Subversion (SVN) is an open-source version control system that maintains source code in a central server; anyone looking to change code accesses these files from clients. This client server model is an older style, compared to the distributed model git uses, where changes can be stored locally then distributed to the central history (and other branches) when pushed to an upstream repository. In fact, SVN build on historical version control—it was initially intended to be a mostly compatible successor to CVS (Concurrent Versions System), which is itself a front end and expansion to Revision Control System (RCS), initially released way back in 1982.
This earlier generation of version control worked great for the way software was built ten to fifteen plus years ago. A piece of software would be built as a central repository, with any and all feature additions merged into a trunk.

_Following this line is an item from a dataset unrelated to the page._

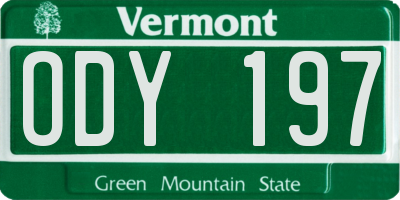 VT license plate ODY197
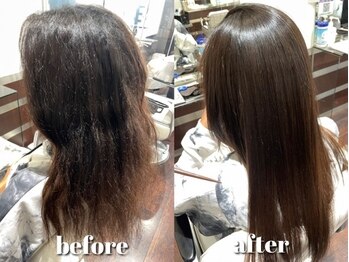 クレア 上大岡(CREA)の写真/CREA上大岡店の髪質改善ストレートは、ダメージレスでブリーチ毛でも施術可能◎滑らかな指通りへ！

Branches were rare and eventually absorbed into the mainline. Important files, particularly large binaries, could be “locked” to prevent other developers from changing them while you worked on them. And everything existed as directories—files, branches, tags, etc. This model worked great for a centrally located team that eventually shipped a release, whether as a disc or a download.
SVN is a free, open-source version of this model. One of the paid client-server version control systems, Perforce (more on this below), had some traction at enterprise-scale companies, notably Google, but for those unwilling to pay the price for it, SVN was a good option. Plenty of smaller companies (including us at the beginning) used centralized version control to manage their code, and I’m sure plenty of folks still do, whether out of habit or preference.
But the ways that engineering organizations work has changed pretty drastically in the last dozen years. There is no longer a central dev team working on a single codebase; you have multiple independent teams each responsible for one or more services. Stack Overflow user VonC has made himself a bit of a version control expert and has guided plenty of companies away from SVN. He sees it a technology built for a less agile way of working. “It does get in the way, in term of management, repository creation, registration, and the general development workflow. As opposed to a distributed model, which is much more agile in those aspects. I suspect the recent developments with remote working will not help those closed environment systems.”
The other reason that SVN grew less used was that git showed how things could be better. Quentin Headen, Senior Software Engineer here at Stack Overflow, used SVN early in his career. “In my opinion, the two biggest drawbacks of SVN are that first, it is centralized, which requires a the SVN server to be up for you to commit changes. If your internet is down, you can't commit at all. Second, the branching is very heavy. Once a branch is created, you can't delete it (if I remember correctly). I think there is a command to remove, but it stays in history regardless. Git branches are cheap and can be deleted easily if need be.”
Clearly, SVN lost prominence when the new generation of version control arrived. But git wasn’t the only member of that generation.
Git wasn’t the only member of the distributed version control generation. Mercurial first arrived the same year as Git—2005—and became the two primary players. Early on, many people wondered what differences, if any, the two systems had. When Stack Overflow moved away from SVN, Mercurial won out mostly because we had easy access to hosting through Fog Creek Software (now Glitch), another of our co-founder Joel Spolsky’s companies. Eventually, we too gave in to Git.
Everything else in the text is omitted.